• [ASSIGNMENT] Restate, exactly as written, the entries below from the line that holds "Juliana Paes abre" through the line that holds "3-комнатная квартира, 202". Pictures are not part of the copy.

• [DATA SUPPLIED]
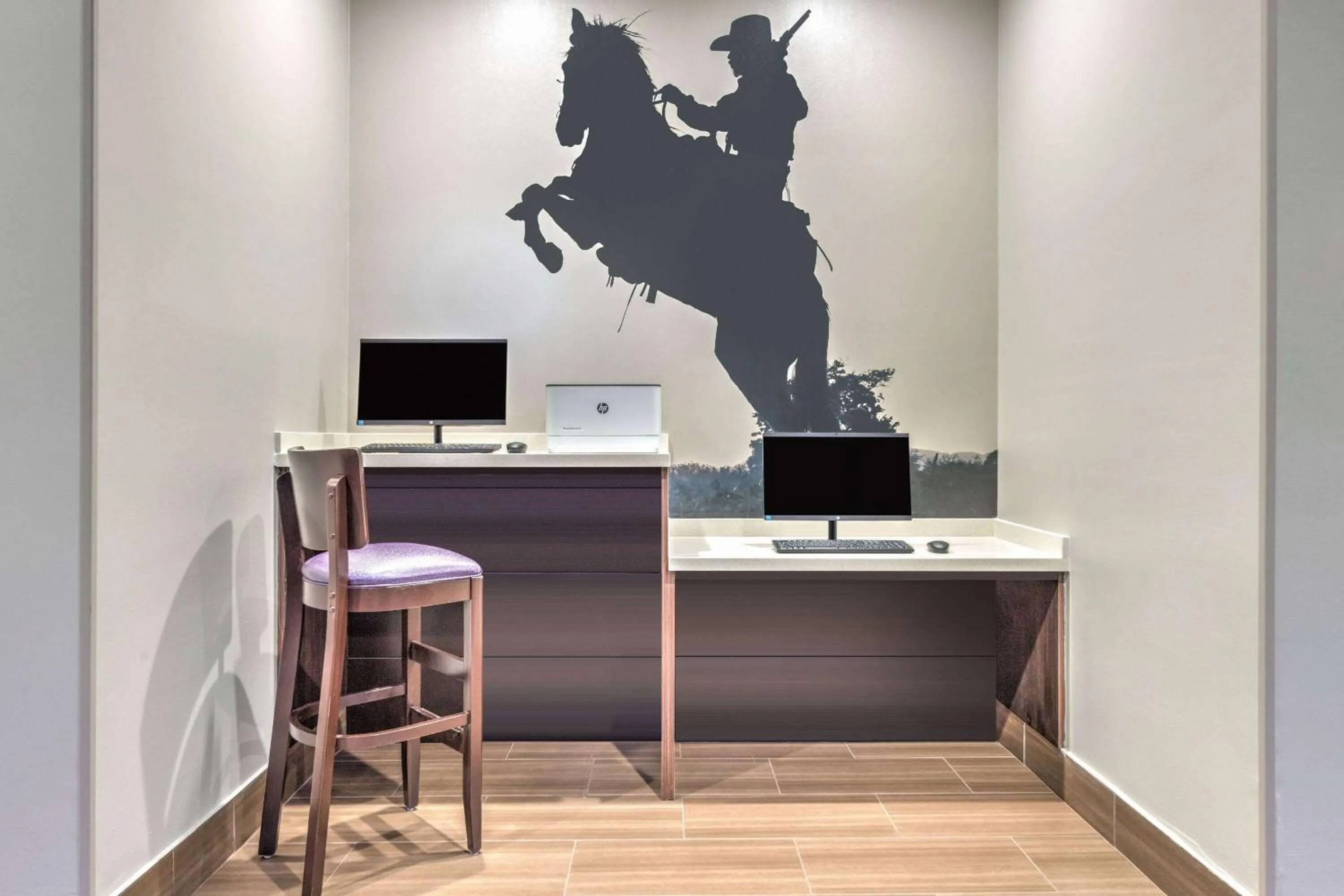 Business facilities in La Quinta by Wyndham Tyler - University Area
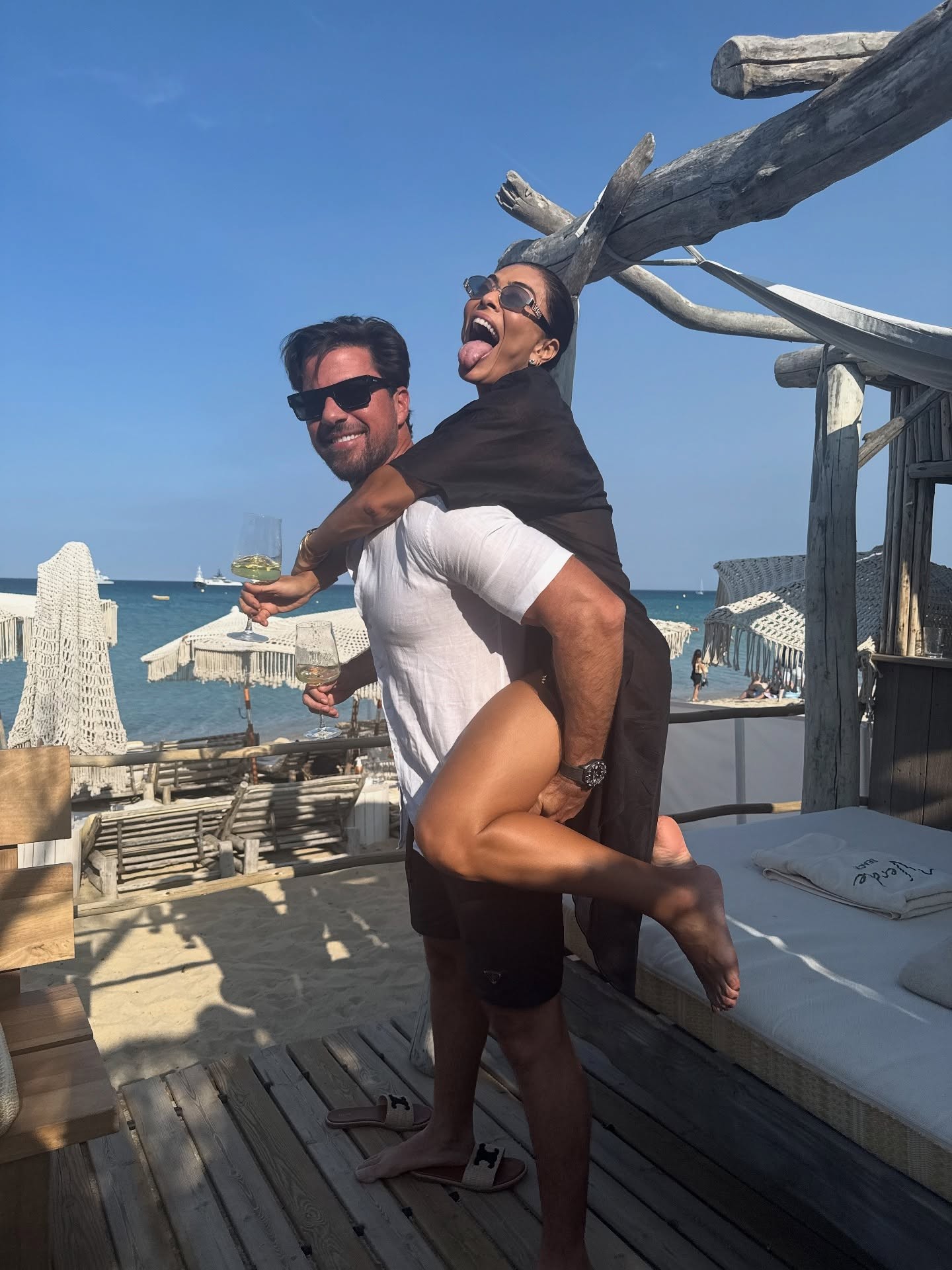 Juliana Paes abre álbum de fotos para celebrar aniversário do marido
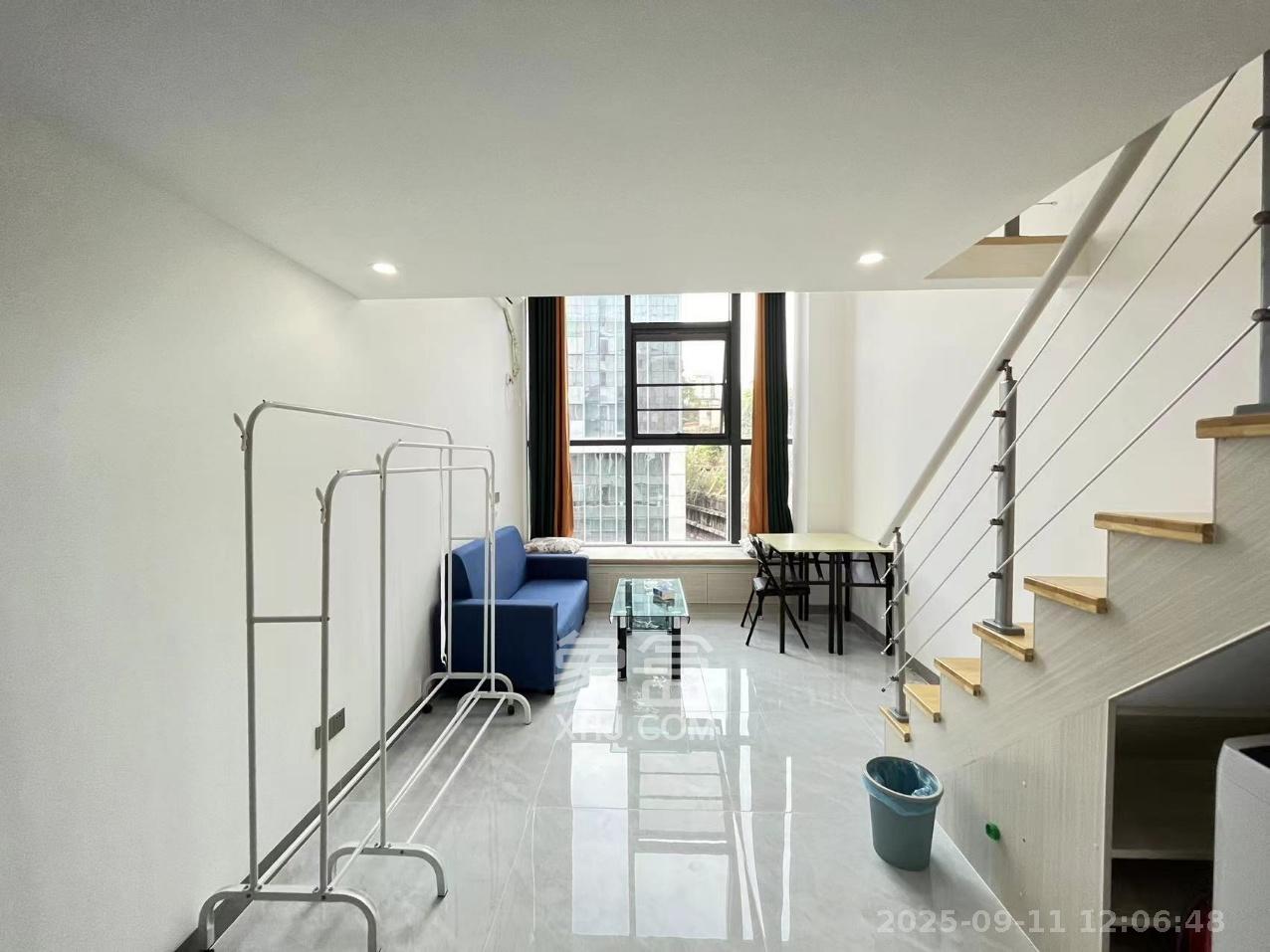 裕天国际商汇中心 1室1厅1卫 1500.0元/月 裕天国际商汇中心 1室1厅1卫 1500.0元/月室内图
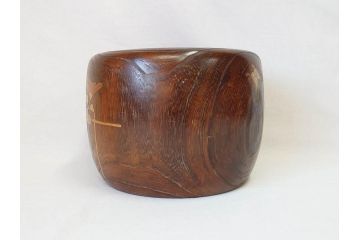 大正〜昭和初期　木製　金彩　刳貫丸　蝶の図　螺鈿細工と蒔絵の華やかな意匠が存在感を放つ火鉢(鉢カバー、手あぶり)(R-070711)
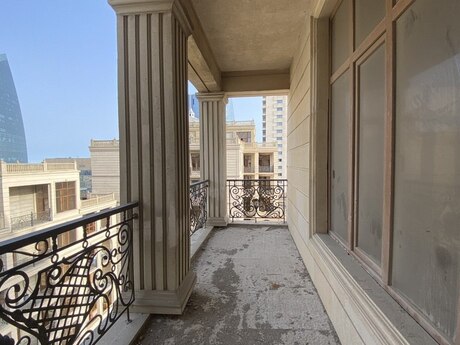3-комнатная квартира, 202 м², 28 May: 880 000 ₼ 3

...

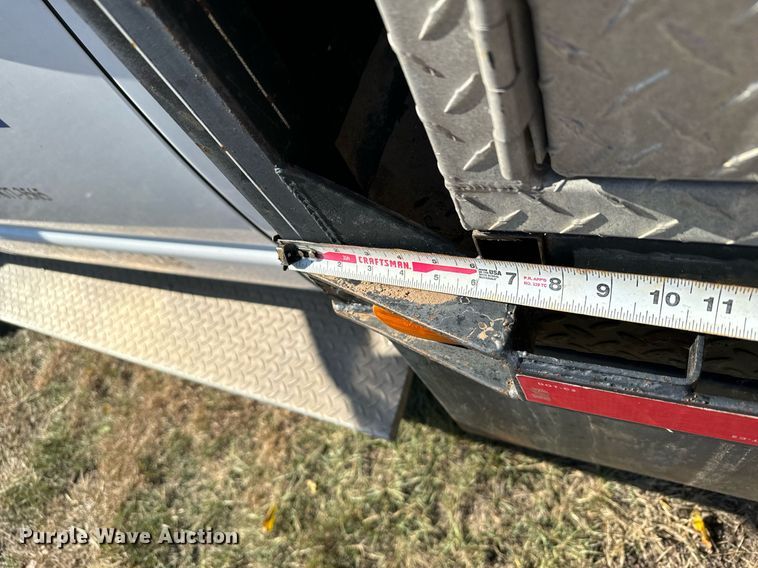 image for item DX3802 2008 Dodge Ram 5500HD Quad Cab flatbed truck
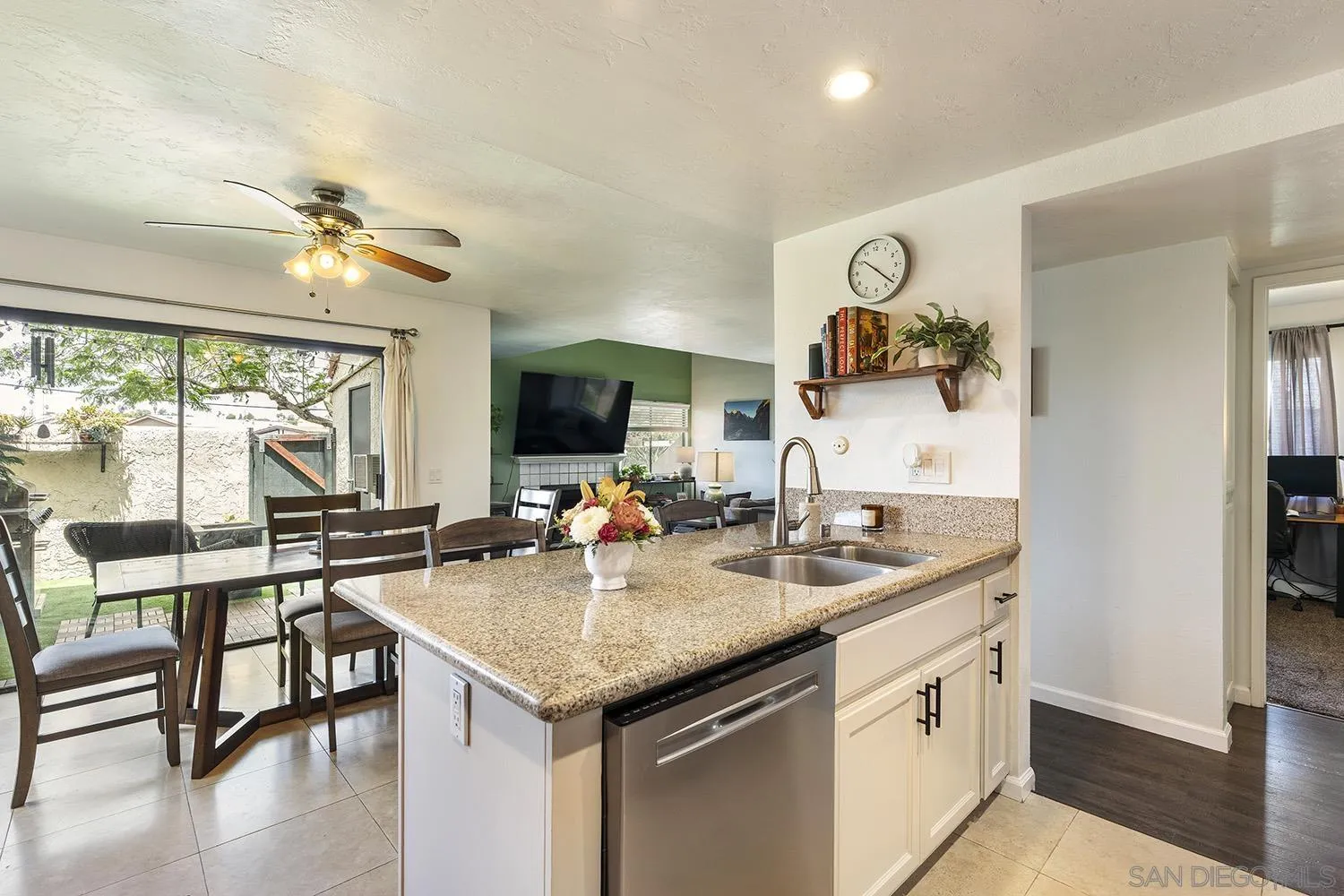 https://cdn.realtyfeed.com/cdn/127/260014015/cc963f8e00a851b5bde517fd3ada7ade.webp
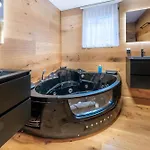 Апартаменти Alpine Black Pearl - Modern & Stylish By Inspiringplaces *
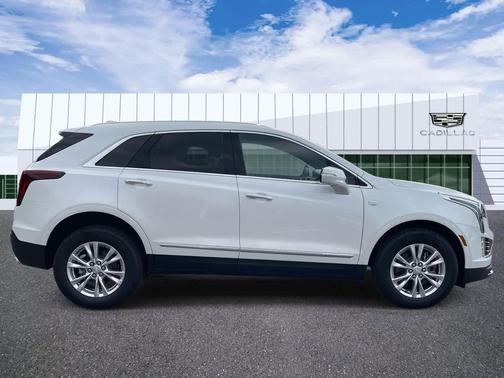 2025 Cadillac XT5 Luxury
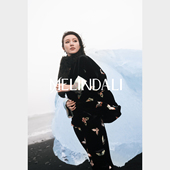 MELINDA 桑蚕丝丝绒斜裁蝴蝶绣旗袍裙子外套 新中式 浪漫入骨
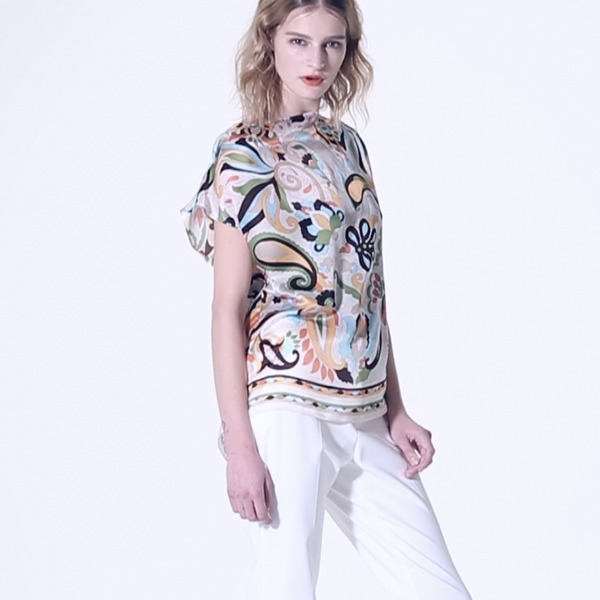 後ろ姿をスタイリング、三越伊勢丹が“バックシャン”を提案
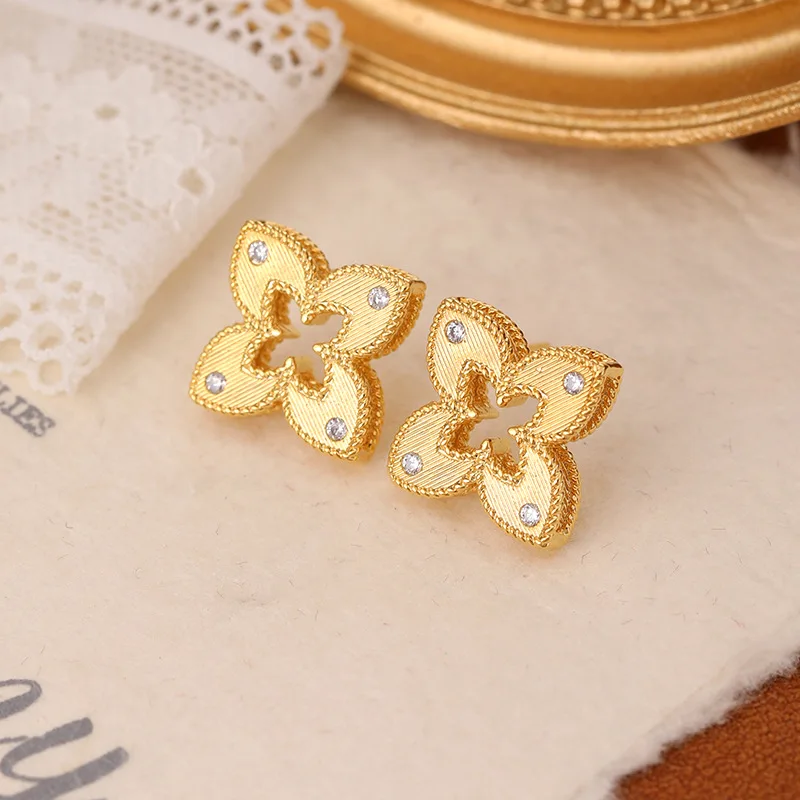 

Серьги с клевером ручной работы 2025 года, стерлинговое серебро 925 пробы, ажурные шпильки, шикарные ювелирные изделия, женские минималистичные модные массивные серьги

...

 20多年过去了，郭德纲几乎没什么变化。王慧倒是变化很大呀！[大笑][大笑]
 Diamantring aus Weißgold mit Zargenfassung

• [ANSWER SECTION]
 Juliana Paes abre álbum de fotos para celebrar aniversário do marido
 裕天国际商汇中心 1室1厅1卫 1500.0元/月 裕天国际商汇中心 1室1厅1卫 1500.0元/月室内图
 大正〜昭和初期　木製　金彩　刳貫丸　蝶の図　螺鈿細工と蒔絵の華やかな意匠が存在感を放つ火鉢(鉢カバー、手あぶり)(R-070711)
3-комнатная квартира, 202 м², 28 May: 880 000 ₼ 3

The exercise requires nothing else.